Other cheaper alternatives to the 24-70 exist (all of lesser but decent quality): the 24-70 mki, the 28-70 predecessor, the Tamron 24-70 with stabilization, the Canon 24-105 f/4 IS, the Tamron 28-75.

Other cheaper alternatives to the 70-200 are the mkI IS, the non-IS, the two Canon f/4 70-200s (more compact/lighter), the Sigma 2.8 OS (non-macro), the Canon 135mm f/2 (which works with the teleconverters), and the 200mm 2.8 (ibid).

The 2.8 mkII is a big, white, heavy, expensive lens that attracts a lot of attention, and that may factor into your purchase (for better or worse).

They are both excellent optics that have been recently updated and are recognized as true performers.
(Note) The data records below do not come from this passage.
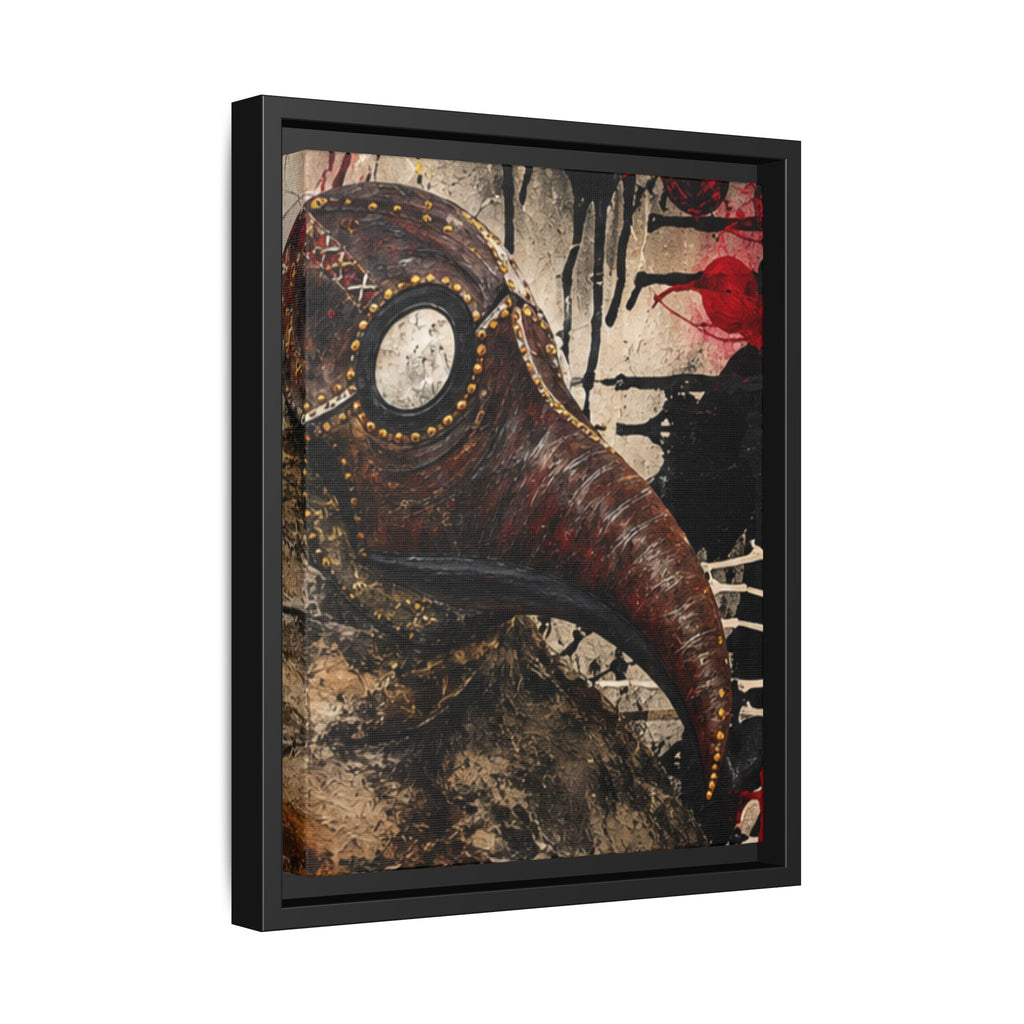 Odd Co. Beauty is Decay – Plague Doctor Framed Canvas | Gothic Dark Wall Art — view 34
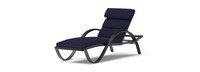 Deco™ 2 Piece Sunbrella® Outdoor Chaise Lounges - Navy Blue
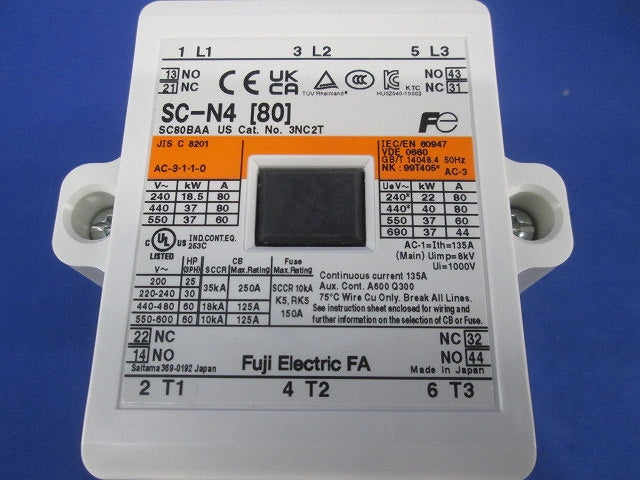 電磁接触器200V SC-N4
If you are thinking of taking the plunge for such pro-quality glass, i'd recommend you utilize your money to cover your focal lengths with decent lenses first.


----------



## bholliman (Nov 5, 2013)

Since you listed portraiture first, I agree with those recommending the 70-200 2.8 II and a 40 pancake. I own both of the options you listed, and they are fantastic! But, my preference for portraits is definitely the 70-200. The 40 will do a nice job with group shots and wider landscapes. You can always create multi shot panoramas if you need something wider.


----------



## mackguyver (Nov 5, 2013)

As the others have pointed out, it's not really a one vs. the other, it's a question of which one first. If portraits are your priority and by that, you will mostly shoot a single person, the 70-200 is the way to go. If you're mostly shooting couples and groups, the 24-70 is probably better as you can get away with headshots at 70mm, but it's hard to shoot more than two people at 70mm unless you stand way back. Even full body shots can be limiting at 70mm unless you have the room to back up.


----------



## FTb-n (Nov 5, 2013)

I would echo the suggestion of the 70-200 f2.8L Mark II and the 40 f2.8. I don't have the 24-70, instead, I have the 24-105 f4. The 24-105 offers greater range, but I still prefer the 70-200 most of the time. 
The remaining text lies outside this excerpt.